Me? I use them all, I teach them all in my classes but for most jobs I grab the Supa BEAST.


The BEST thing you could do is find a way to use one of each, use the RUPES, use the Makita and use one of the corded BEASTS and this will tell you which one you like best.


----------



## NickA (Jun 15, 2008)

Walesy. said:


> Will be honest Nick, the DAS6 put me off reaching for the polisher, it really did. So in my mind, if I had a significant outlay, I would turn to it and enjoy it more (well, I have been out of action for 2 months due to a knee issue...2020 can do one).
> I understand where you are coming from with the pads etc. But the kits you can get from these guys, are great value. Give them a call
> https://www.powertoolsalesuk.com/pr...lle-gear-driven-dual-action-polisher-stn-kit/


Yeah I already had a butchers at their website a while ago as they seem to be the cheapest around for the Mille. Did you just order the machine or did you go standard or deluxe?
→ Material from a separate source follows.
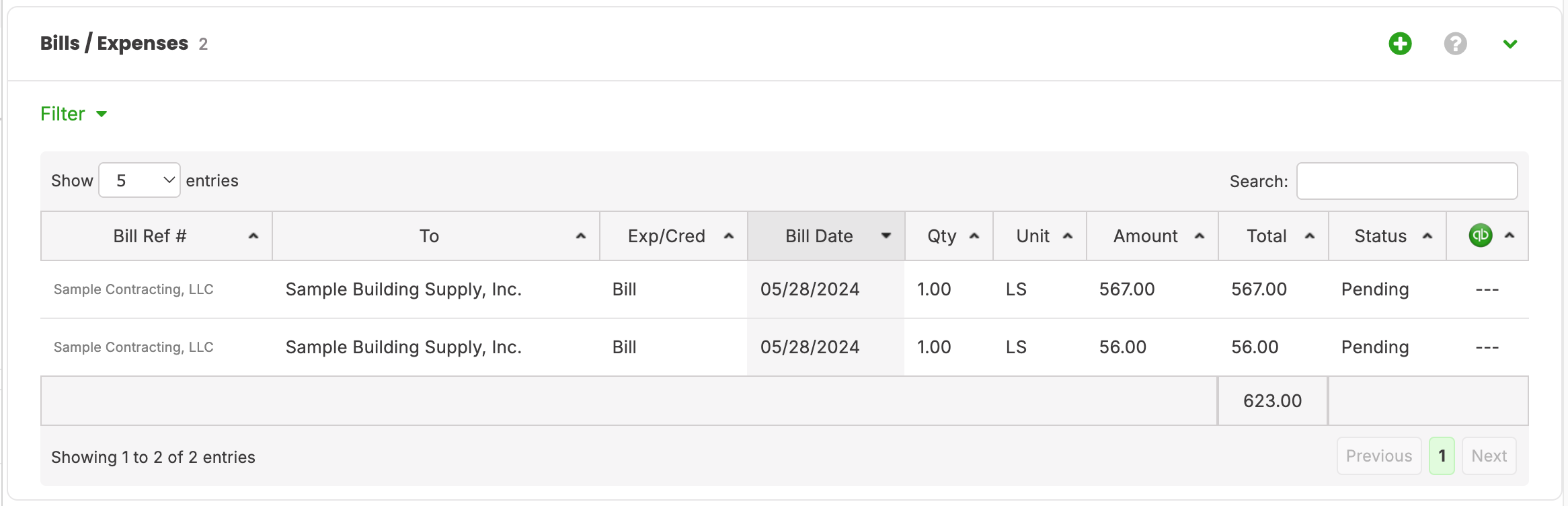 Bills / Expenses card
I actually phoned them a while ago to enquire if there were any further discounts to be had but they weren't playing ball lol unless you know otherwise? 
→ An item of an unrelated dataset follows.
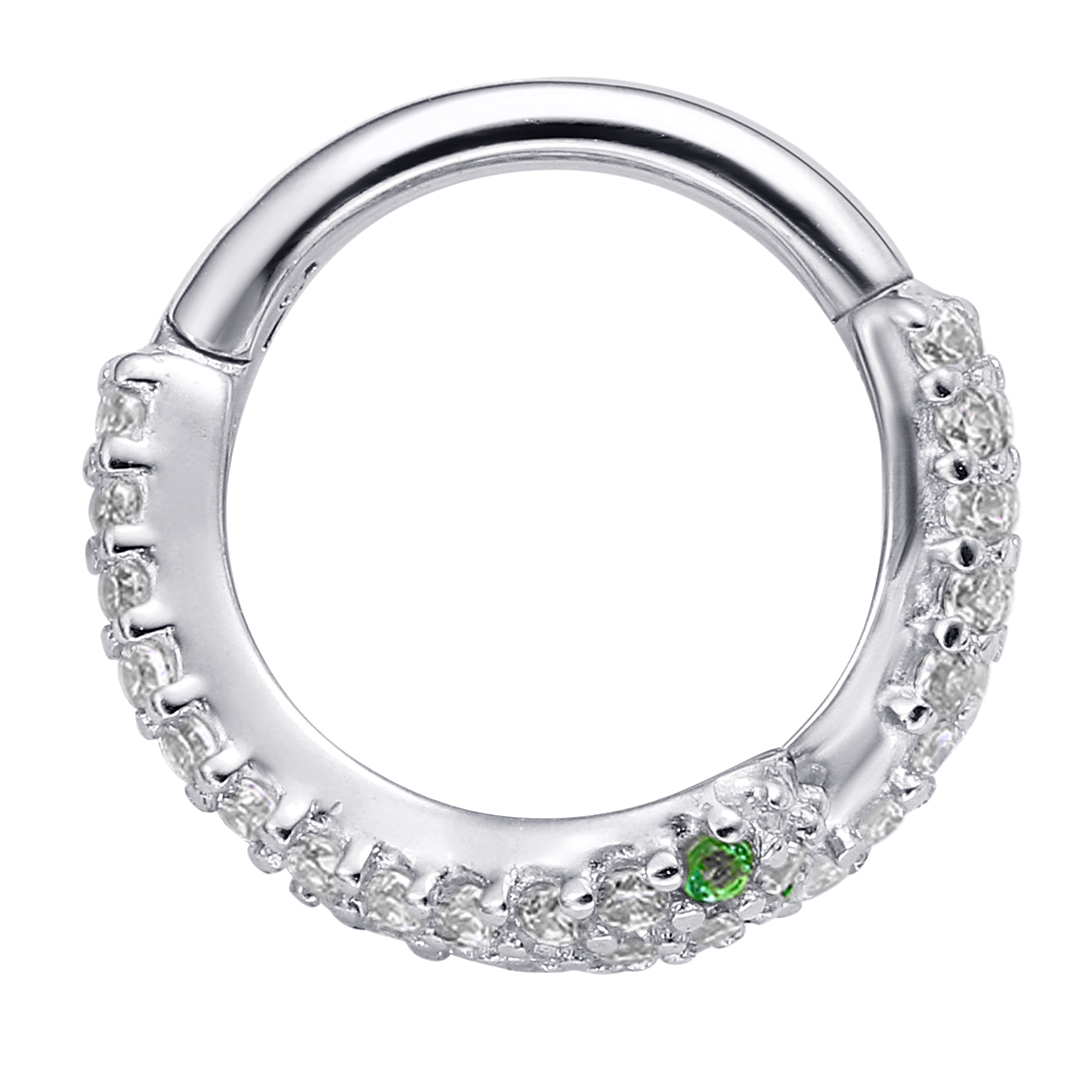 Eternal Metal 14k Solid White Gold 5a Cz Paved Snake Hinged Segment Hoop Clicker Nose <000000> Helix Piercing Jewelry 7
I think the good thing for me is that if I go down the Mille route then I can offset the cost by most probably selling the Vertool and the Rupes rotary (I'd still have my Shinemate EP803 for the intricate stuff)

Have you tried anything other than the Rupes pads with yours? (I have loads of Hex logic and Flexipads which I'd still like to use)


----------



## Walesy. (Oct 1, 2009)

I never got th Mille from them mate, I got it from Bartons chemicals. However, I did buy a LHR15 MK111 from them, standard model and they gave me a load more pads in the pack too. They were reasonable to deal with. The LHR15 btw, was for a mate who then changed his mind about it...I kept it. 

The pads, Ghosty on here, used the Mille with Hex logic pads and Koch chemie h9 for his trade cars and it was his go to combo....I have a couple of hex pads, which I will try with it actually. But, I believe the pads for the Mille (and the new DA range inculsive) are designed to get heat away from the panel. 

I bought a Liquid elements for the intricate stuff from IO Detail. 

All going well, I will be getting a decent winter prep on both cars in the next 4 weeks and give me a chance to play more (on annual leave soon) Having had knee issues and plantar fasciitis occurrences, my activity has ben limited this year.


----------



## ad_182_uk (Mar 2, 2014)

Do the new DA coarse and fine compounds (blue and yellow) work with the mille? Or should you really just stick to the mille specific compounds. 

Reason i ask is, you may have the new da compounds which are fine with duetto / mini / ibrid etc so would be nice if the worked with the mille too


----------